▶

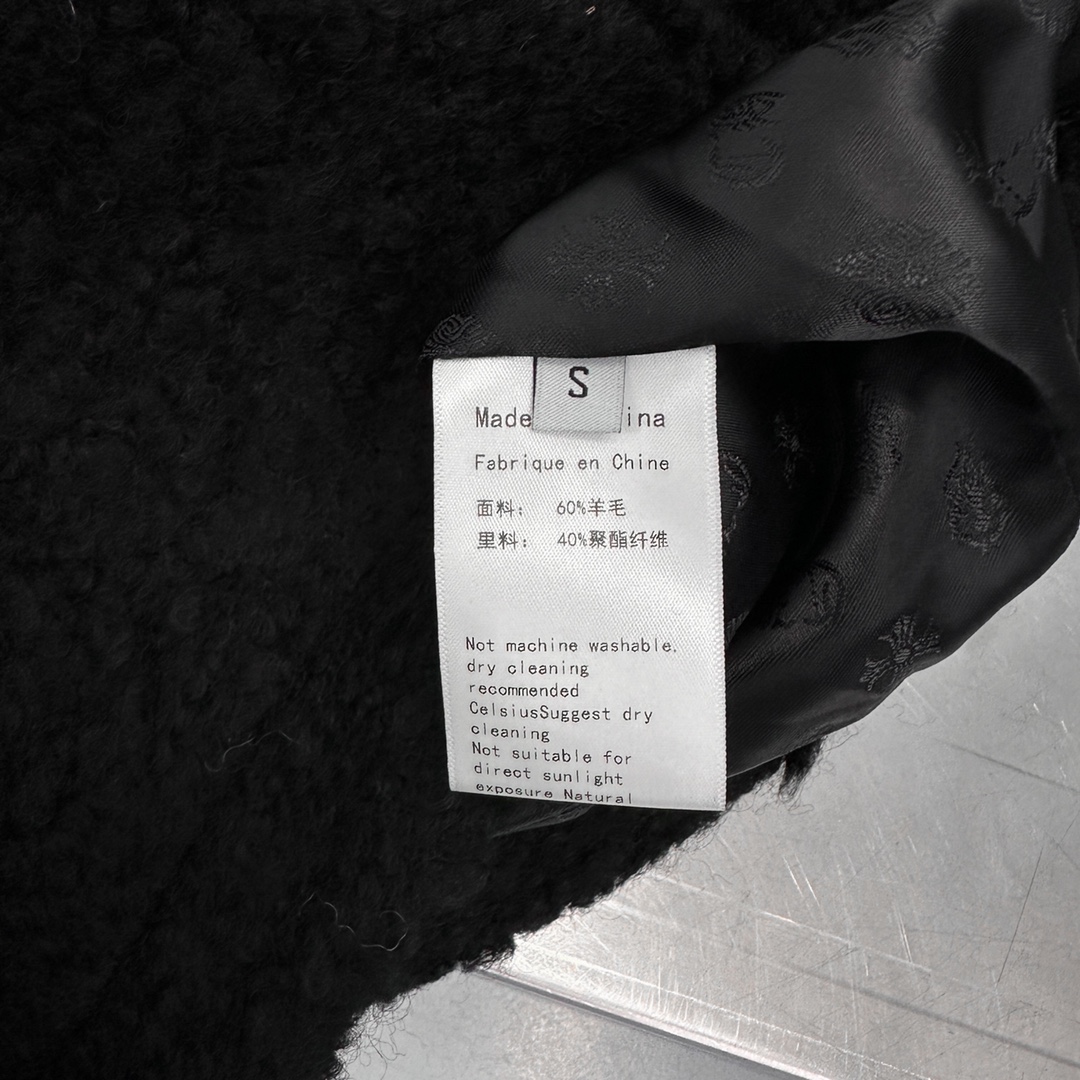 克罗心✝️｜新款粗纺外套，60%羊毛🦙面料，柔软顺滑手感细腻，内胆采用定制提花面料，质感拉满，搭配开模定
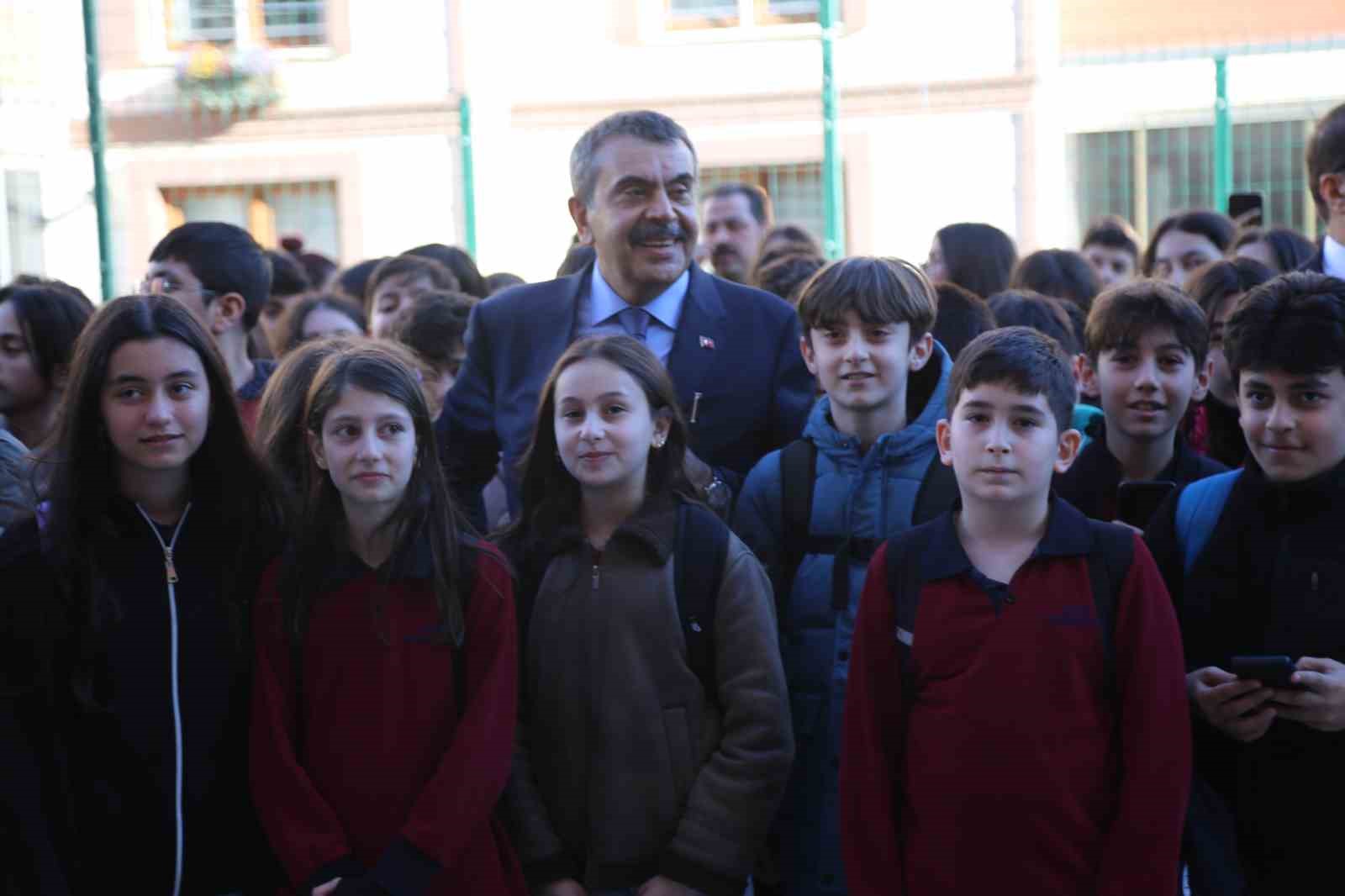 Milli Eğitim Bakanı Tekin, Artvin’de öğrencilerle bir araya geldi
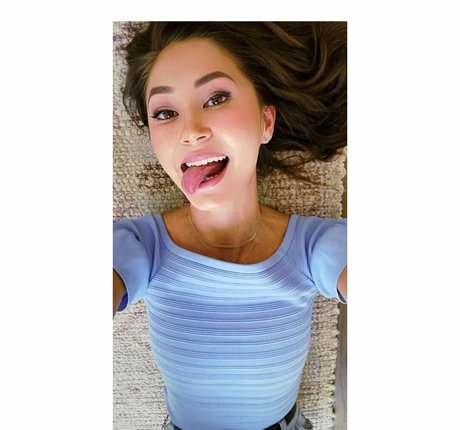 Kimiko Glenn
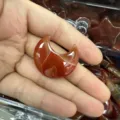 Polierter natürlicher roter Achat in Halbmondform für DIY-Schmuck und Bastelarbeiten - Ca. 30*8mm / Roter-Achat-Mond (1 Stück)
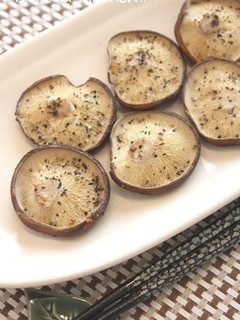 簡単♪トースターで焼きしいたけ-レシピのメイン写真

◀

→ **Exercise**: Print the listing exactly, pictures excluded.

→ **Solution for this problem**:
 克罗心✝️｜新款粗纺外套，60%羊毛🦙面料，柔软顺滑手感细腻，内胆采用定制提花面料，质感拉满，搭配开模定
 Milli Eğitim Bakanı Tekin, Artvin’de öğrencilerle bir araya geldi
 Kimiko Glenn
 Polierter natürlicher roter Achat in Halbmondform für DIY-Schmuck und Bastelarbeiten - Ca. 30*8mm / Roter-Achat-Mond (1 Stück)
 簡単♪トースターで焼きしいたけ-レシピのメイン写真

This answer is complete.